## DESCRIPTION OF THE TASK
Where the line with "Lake and Mountain" appears below, start writing out lines exactly, and finish with the line with "Safety ePAC專業(yè)安全控制器基于Modicon ePAC系列高端控制器的強大性能，融合先", which is included; write out nothing else.

## GIVEN RECORDS
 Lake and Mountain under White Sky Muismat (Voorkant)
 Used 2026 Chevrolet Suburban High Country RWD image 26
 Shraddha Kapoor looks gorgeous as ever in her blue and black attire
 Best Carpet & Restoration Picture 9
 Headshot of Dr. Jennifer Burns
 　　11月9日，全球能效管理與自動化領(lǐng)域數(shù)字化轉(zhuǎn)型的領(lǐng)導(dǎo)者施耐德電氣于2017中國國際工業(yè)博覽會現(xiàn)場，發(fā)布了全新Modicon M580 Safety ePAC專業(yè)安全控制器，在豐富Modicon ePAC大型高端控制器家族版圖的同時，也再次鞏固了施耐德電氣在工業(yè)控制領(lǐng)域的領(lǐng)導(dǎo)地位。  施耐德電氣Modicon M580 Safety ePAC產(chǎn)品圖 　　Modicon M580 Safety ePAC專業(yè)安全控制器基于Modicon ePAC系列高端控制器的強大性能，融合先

--

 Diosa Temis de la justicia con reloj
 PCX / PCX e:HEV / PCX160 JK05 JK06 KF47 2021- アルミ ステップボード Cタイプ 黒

## FINAL ANSWER
 Lake and Mountain under White Sky Muismat (Voorkant)
 Used 2026 Chevrolet Suburban High Country RWD image 26
 Shraddha Kapoor looks gorgeous as ever in her blue and black attire
 Best Carpet & Restoration Picture 9
 Headshot of Dr. Jennifer Burns
 　　11月9日，全球能效管理與自動化領(lǐng)域數(shù)字化轉(zhuǎn)型的領(lǐng)導(dǎo)者施耐德電氣于2017中國國際工業(yè)博覽會現(xiàn)場，發(fā)布了全新Modicon M580 Safety ePAC專業(yè)安全控制器，在豐富Modicon ePAC大型高端控制器家族版圖的同時，也再次鞏固了施耐德電氣在工業(yè)控制領(lǐng)域的領(lǐng)導(dǎo)地位。  施耐德電氣Modicon M580 Safety ePAC產(chǎn)品圖 　　Modicon M580 Safety ePAC專業(yè)安全控制器基于Modicon ePAC系列高端控制器的強大性能，融合先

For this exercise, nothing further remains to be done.